In an effort to make Wat Phnom more attractive to the public, Phnom Penh’s first deputy governor Chea Sophara said the city will bring about 2,000 pigeons and several monkeys to live permanently in the garden’s trees.
“Raising pigeons at Wat Phnom is a good idea because the bird represents peace and will also entertain tourists,” Chea Sophara said. The birds will be released during a three-day ceremony to begin April 8.
During the renovation, the temple and stupas have been colorfully repainted, gardens have been planted and an electric system has been installed to light the stupa and pathways at night. The rejuvenated temple, it is hoped, will help boost lagging tourism in the city. “The Wat Phnom temple and its surroundings will now attract a lot of attention from tourists and Cambodians,” Chea Sophara said.

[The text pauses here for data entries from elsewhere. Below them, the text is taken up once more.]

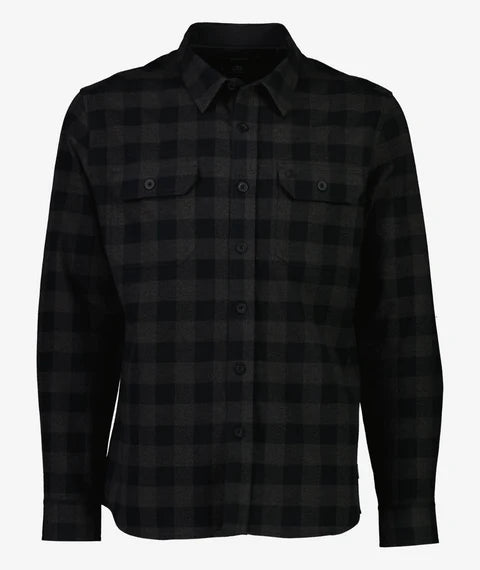 Swanndri Taranaki Tailor LS Shirt in Black / Charcoal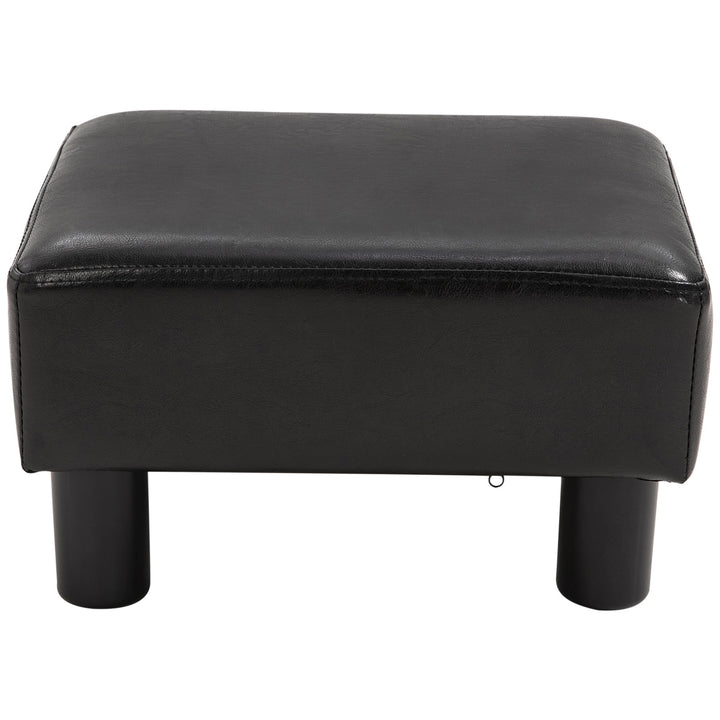 PU Faux Leather Footstool Ottoman Cube w/ 4 Plastic Legs Black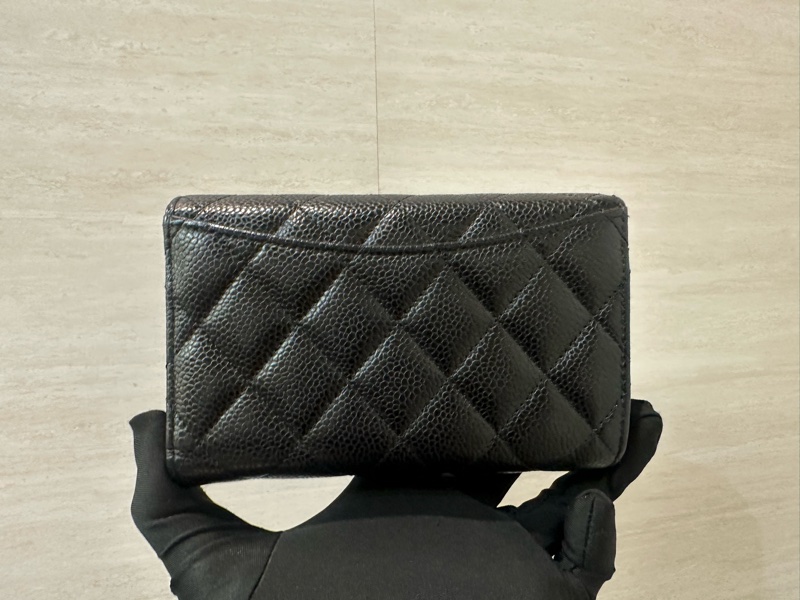 Chanel 黑荔枝牛皮金釦三折內零錢袋5卡中夾AP0232-1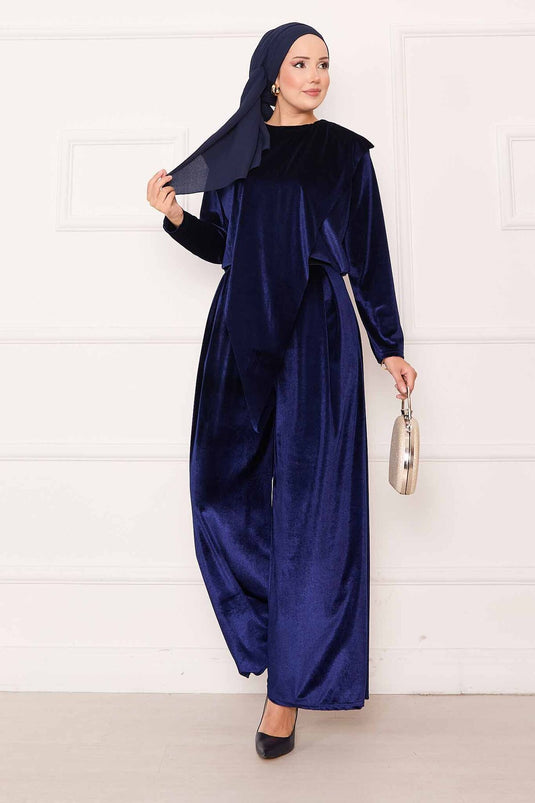 Velvet Suit with Asymmetrical Front Detail, Navy Blue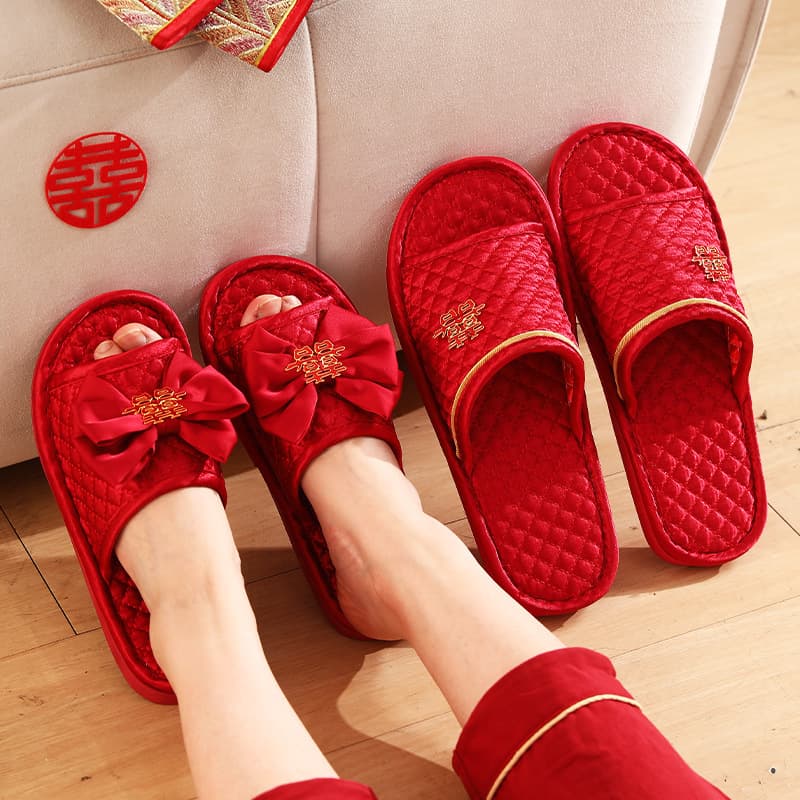 Wedding Slippers Festive Red Pair Summer Red Slippers Wedding Room Decoration Slippers Wholesale Wedding Supplies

The renovation of the temple and its surrounding gardens cost more than $300,000, the first deputy governor and CPP central committee member said. Most of the money came from the French government. King Norodom Sihanouk gave $10,000 and the rest came from city hall, Chea Sophara said.
Seng Tharath, a 25-year-old man visiting from Kompong Cham province, said Sunday he was surprised by the restored beauty of Wat Phnom. “It makes me very happy to see the development,” Seng Tharath said.
The area near the capital’s best-known temple had been neglected for years, Chea Sophara said, and had degenerated into a location known for crime.
Legend says a pagoda was built on the hill in 1373 for four statues washed up on the banks of the Tonle Sap, and found by a woman named Penh. The name of the hill and the city around it are said to come from this legend.